The Rewards of the Anti-Hustle
One of my practices over the past year has been to slow down and become less visible and less available.
I have made two specific changes. After training myself to feed the algorithms, I have stopped writing for social media except when I have something I want to say in a specific environment. I have also drastically reduced my availability on and decreased ease of access to my public calendar.
My reasoning was two-fold.
- Having a public calendar accessible without friction increases the percentage of people who book time and never make any further contact. This has been true for my whole coaching career. It’s a cost of doing business. One way I reduce no-shows is asking potential new clients to invest a little more effort into getting my support.
- Writing for social media shapes what I write. It places everything I write in the context of hustle culture and selling myself. It subtly influences the topics I will address and the language I use. I wanted to disrupt myself and speak more courageously about questions and less confidently about answers. I wanted to use language poetically and metaphorically, even jargon and technical terms. And I wanted to stretch myself into writing more soulfully and with more willingness to engage with writers and thinkers who discuss human truths in explicitly spiritual and theological terms.
I have noticed several things that have occurred during this time in terms of the clients I attract and the work I write.
Good things. Things I had previously been trying hard to make happen in other ways that emerged simultaneously with this shift but that I cannot clearly attribute directly to the changes.
But, most of my work is like that.
Ripples of spaciousness, consciousness, effort, and intention that pass through me into parts of the cosmic, human and more than human, interdependent system that I am part of. And then, later and in surprising ways, ripples that emerge from the mystery, showing signs of my actions as part of their source material.
There’s a sneaky deep way my work impacts the world. And a mysterious way that my conscious mind is as likely to block the effectiveness of that work as it is to enable it unless I let go of my desire to “make an impact” and simple notice that I am having impact.
Noticing that I am having impact seems to shift the impact I have. It increases accountability and responsibility for my action.
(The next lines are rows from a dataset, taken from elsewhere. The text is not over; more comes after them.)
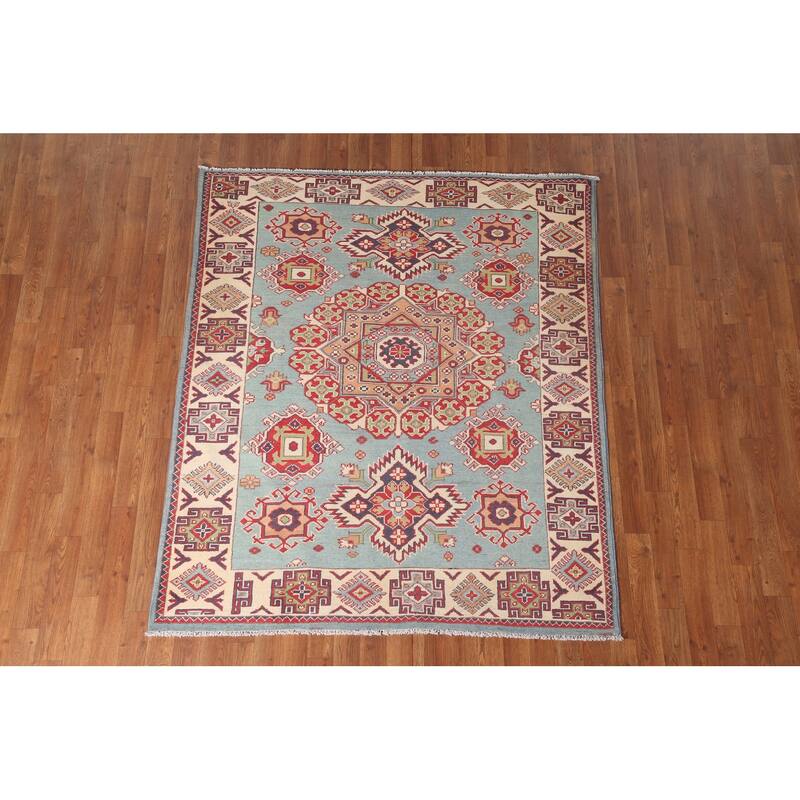 Geometric Blue Kazak Area Rug Handmade Wool Carpet - 4'11" x 5'11"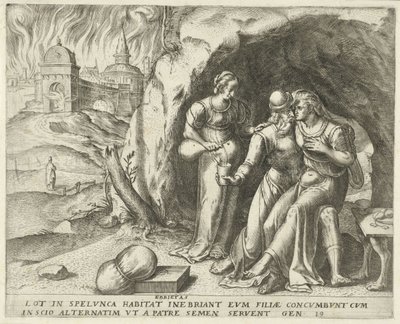 Lût ve kızları Ebrietas (nesne üzerindeki başlık) Kader Tarihi (dizi adı) by Frans Menton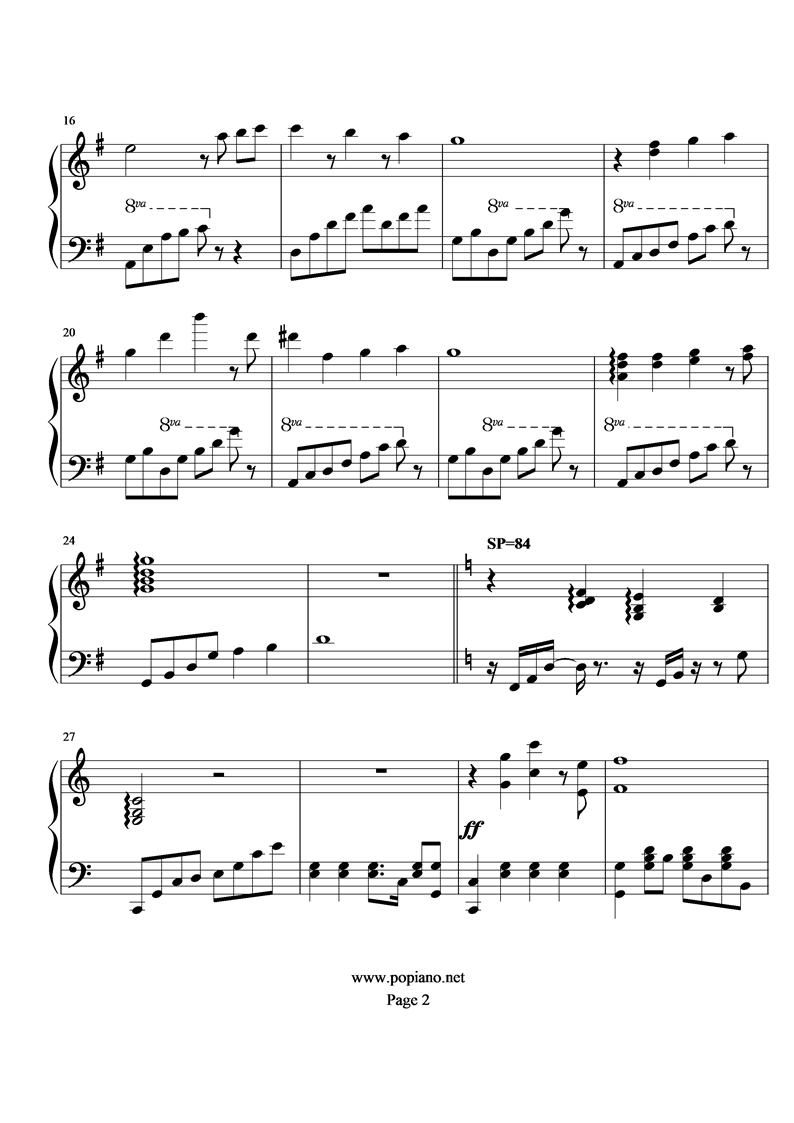 《圣斗士星矢》第七感钢琴曲谱（图2）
But, and this is huge, letting go of the responsibility to make a specific impact result allows me to co-create impact with the whole universe in a dance of interchange with the seen and the unseen.
By trying less hard to make connection and shifting my focus to recognizing the connections that already exist, I have become more connected, more seen, and more positively impactful.
This is deeply weird to my conscious ego and deeply soothing to my soul.
Becoming less performative has helped people see me.